La Conferenza di Ginevra nella quale vennero discussi i problemi del disarmo, della sicurezza in Europa e la questione tedesca, la cui riunificazione sarebbe dovuta avvenire compatibilmente con le esigenze di sicurezza dell'Unione Sovietica, si svolse in un clima di aperto ottimismo, i rappresentanti delle quattro potenze esposero i principi su cui si sarebbe dovuta basare la convivenza fra i due blocchi, tutti improntati al rispetto reciproco, ma progressi reali furono molto limitati e vennero in luce i limiti della nuova fase politica internazionale: quando dai principi si doveva arrivare a delle conclusioni di ordine pratico le posizioni rimanevano distanti. Negli ultimi giorni della conferenza Eisenhower propose alla controparte lo scambio dei piani militari e la istituzione di un sistema di sorveglianza aerea degli impianti militari dei due contendenti; l'Unione Sovietica respinse la proposta immedia-tamente, il piano, conosciuto come "cieli aperti" altro non era per essi che "la legalizzazione dello spionaggio aereo che gli americani da tempo già effettuavano grazie alla loro superiorità tecnologica". Unico risultato positivo della Conferenza fu il miglioramento delle comunicazioni e dei commerci.
 La missione del cancelliere tedesco in Unione Sovietica nel settembre consentì la apertura di formali relazioni diplomatiche fra i due paesi e la restituzione dei prigionieri di guerra ancora trattenuti in Russia, ma sulla questione della riunificazione della Germania non vi furono progressi come era da aspettarsi.
 A ottobre si tenne l'incontro a livello di ministri degli esteri fra le quattro potenze che avrebbe dovuto concretizzare i principi esposti nella precedente Conferenza di Ginevra; i colloqui si risolsero in un aperto fallimento e la idea di una conclusione consensuale e pacifica della guerra fredda accennata in precedenza anche da Churchill svanì. Molotov era espressamente contrario alla convocazione di elezioni per la risoluzione della questione tedesca, e riteneva una indebita ingerenza negli affari interni dell'Unione Sovietica qualsiasi piano di controllo in materia di armamenti. L'impressione dei rappresentanti occidentali e della stampa era che i sovietici non avevano una reale volontà di trattare, che ricorressero ad una rappresentazione della realtà alterata e in nessun caso intendevano arrivare ad una intesa sulla base del rispetto dei diritti dei popoli.
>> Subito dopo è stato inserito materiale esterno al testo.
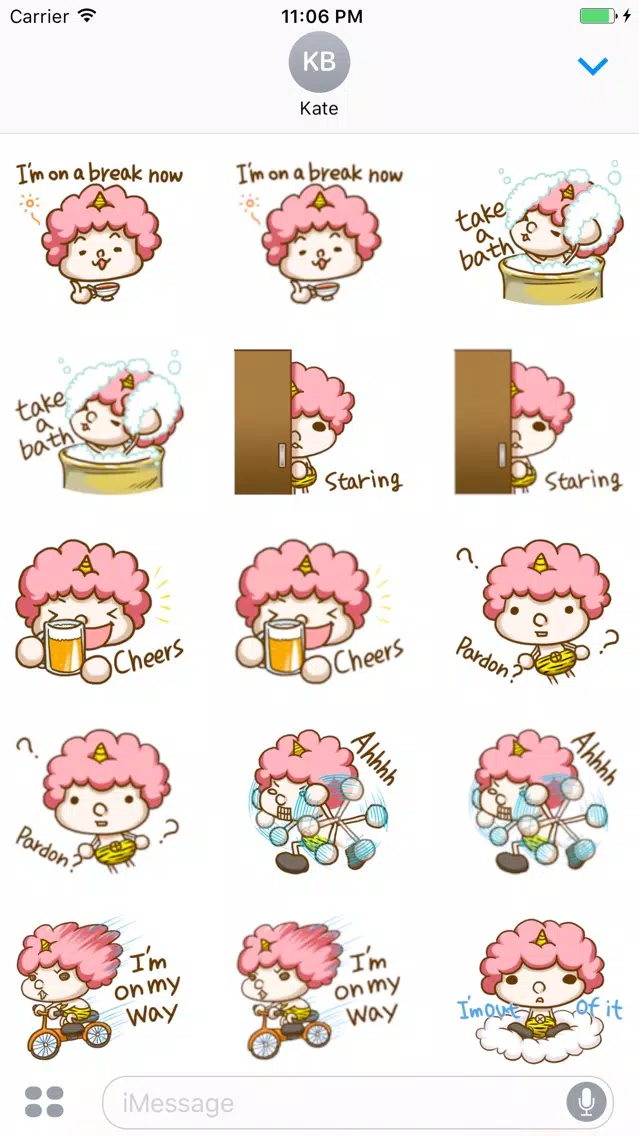 The Baby Pink Hair Girl English Sticker Screenshots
Molotov definì come "non pratiche, non costruttive e artificiali" le proposte occidentali e Kruscev da Mosca ribadiva che il piano di pace presentato dagli occidentali era in realtà "un piano di guerra fredda. Infatti il vero autore di queste proposte, non è presente alla Conferenza, ma la sua ombra, l'ombra di Adenauer, plana su Ginevra".
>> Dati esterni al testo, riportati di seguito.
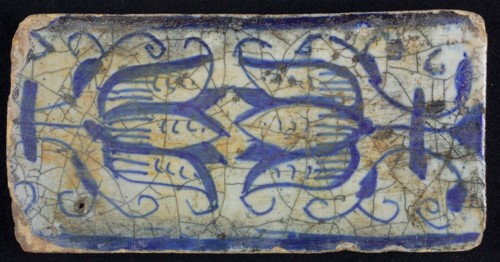 Blue border tile, waving floral pattern with tulips, above and below blue border, edge tile wall tile tile sculpture ceramic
 Tre incontri al massimo livello in un biennio erano stati un grande risultato, era però evidente che i due contendenti non erano disponibili a cedimenti, ritenendo ognuno che avrebbe rimesso più dell'altro; la tensione internazionale non venne eliminata, tuttavia se non la pace, un tacito modus vivendi provvisorio e precario era stato posto e lo scontro fra i due blocchi prese caratteristiche diverse. La guerra fredda dopo il biennio '53-'55 assunse sempre più i connotati di una guerra di logoramento; come la prima guerra mondiale non si ebbero che piccoli spostamenti del fronte, laddove uno dei contendenti riteneva che l'avversario fosse più debole, e come la grande guerra si concluse per esaurimento dell'avversario e non sotto l'incalzare di un attacco massiccio.
 Nell'anno successivo la proposta sovietica agli USA di un patto di non aggressione e le missioni ufficiali a Mosca del primo ministro francese e del ministro degli esteri britannico analogamente non diedero risultati.